Я порываюсь вскочить, но Старк со смехом удерживает меня, Его смех всегда как-то отдается во всех моих нервах — его веселье ужасно заразительно, — и я, упав грудью на его колени, хохочу сама и говорю:
— Васенька, я не трону вас. Сознавайтесь, что вы наделали!
— Ничего особенного — побеседовал по душам с соотечественником.
— С каким соотечественником?
— Почем я знаю. Высокий такой, в сюртуке, морда глу-у-пая и в галстуке булавка: подковка с бирюзой! Как увидал я эту подковку, сразу понял, что дурак!
— Сами вы дурак!
— Э, мамаша — нет! Если уж пускаться в элегантность, так имей вкус, Спросите вон Дионисия, наденет он такую подковку?
Я начинаю злиться — Старк хохочет.
— А надел бы, — хладнокровно продолжает Васенька, — вы бы тут же к нему всякую любовь потеряли.
— Вам говорят! К делу!
— Увидел я эту подковку, скосил на нее глаза и молчу. Он мне по-французски: «С кем имею честь?..» А я ему по-итальянски: «Не говорю по-французски». Он мне по-французски: «Мне нужно видеть госпожу Кузнецову». А я ему по-итальянски: «Она ушла гулять». Он мне по-французски:
«Я вас не понимаю», а я ему: «А я вас не понимаю». И все это, мамаша, удивительно вежливо. Я бы его вежливо и спровадил, да он сам невежа. Смотрел, смотрел на меня, да и бормочет по-русски; «Экий дурак!» «От дурака и слышу!» — отвечаю я ему тоже по-русски и принимаюсь свое дело делать, «Милостивый государь, — говорит он мне, — вот моя карточка». «Дуэль, — говорю, — хороши, только я еще не заказал своих с герцогской короной».
Он сейчас и смутился. «Нет, — говорит, — это я даю вам карточку для передачи Татьяне Александровне». «Ну, так отдайте, говорю, прислуге, а сами проваливайте с Богом».
Туг он и запетушился: «Кто вы, — говорит. — милостивый государь?» А я говорю: «Сожитель Татьяны Александровны!» Если бы вы видели его рожу!

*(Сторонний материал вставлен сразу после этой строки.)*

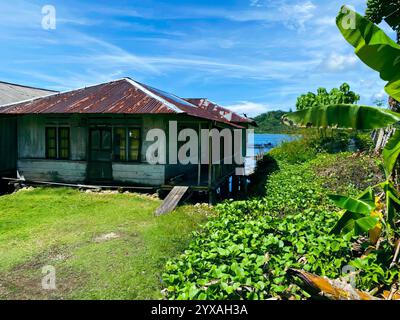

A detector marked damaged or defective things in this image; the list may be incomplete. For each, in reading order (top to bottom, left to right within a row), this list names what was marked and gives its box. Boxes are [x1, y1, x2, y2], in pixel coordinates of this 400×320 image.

rusty corrugated roof [0, 77, 244, 127]
rusty corrugated roof [186, 97, 258, 126]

— Вербер! Да как вы смели!
— Не горячитесь, Дионисий, вот я вижу, и у вас испорченное воображение!
— Что?
— Да вы слушайте дальше. Он обалдел и бормочет: «Этого не может быть!» «Как не может быть, — обижаюсь я, когда я живу у Татьяны Александровны! Ем, пью, работаю, даже ночую иной раз у нее на кухне!» «Ах, — говорит он, — а я…» Вдруг я начинаю в него пристально вглядываться, встаю со стула и ору: «Да вы, кажется, милостивый государь, поняли слово „сожитель“ в грязном смысле! И вы смели подумать это про Татьяну Александровну! Вы решились оскорбить ее таким гнусным подозрением! Уйдите, уйдите, милостивый государь, у вас испорченное воображение!» Тут он стал пятиться к дверям и ушел.
Трус паршивый!
— Он принял вас за сумасшедшего, — помирает Старк со смеху, но я недовольна.
Что это, в самом деле, за глупые шутки!
— Давайте мне хоть карточку, — говорю я сердито.
Васенька роется на столе и подает мне:
«Виктор Петрович Сидоренко». Вот уж некстати.
Сидоренко опять приходил сегодня, не застал и оставил записку, в которой спрашивает, когда я буду дома.
— Надо принять его — делать нечего, — вздыхаю я, Я сижу на постели и ем виноград. Старк облокотился рядом со мной на подушку и держит передо мной тарелку с фруктами.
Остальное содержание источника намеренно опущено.